Agregó, además que ella ha tenido que aprender de la mano de su hija, con quién accede a diferentes herramientas virtuales para hacer accesible, didáctico y conciso el material para sus estudiantes jóvenes y adultos “he utilizado herramientas como Powtoon y Calameo para generar otra experiencia de aprendizaje. Es importante no despersonalizar cada uno de los materiales utilizados, es necesario que la presencia del maestro sea permanente para mantener el compromiso” 

Por su parte, Fabio Sánchez docente de la Institución Educativa Gilberto Álzate Avendaño en la ciudad de Medellín, nos contó que “se han facilitado encuentros virtuales sincrónicos y asincrónicos, donde facilitamos guías para el aprendizaje para quienes no tienen la posibilidad de conectividad, así mismo, reflexionamos y generamos una evaluación cualitativa, distribuida en 9 categorías conceptuales, divididas en: 4 cognitivas y 5 actitudinales. En ellas se valora el interés de cada joven y adulto, la creatividad, la apropiación de saberes, el trabajo en grupos y el trabajo con sus familias”. 

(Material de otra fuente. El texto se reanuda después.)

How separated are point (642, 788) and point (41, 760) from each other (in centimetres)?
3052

La importancia de dar continuidad a los programas de educación para personas jóvenes y adultas durante la pandemia es de suma importancia, aún frente a una crisis sanitaria a nivel mundial, y con los retos que implica.  El trabajo en los espacios asincrónicos (offline) debe ser mayor que los espacios sincrónicos (videollamadas) y sin embargo, por la pandemia esto ha implicado cambios para el docente y el estudiante, quienes van acompañados de intenciones pedagógicas orientadas a una generación digital.

Estas son unas de las muchas experiencias que realizan a diario las y los maestros de EPJA en esta época de COVID-19.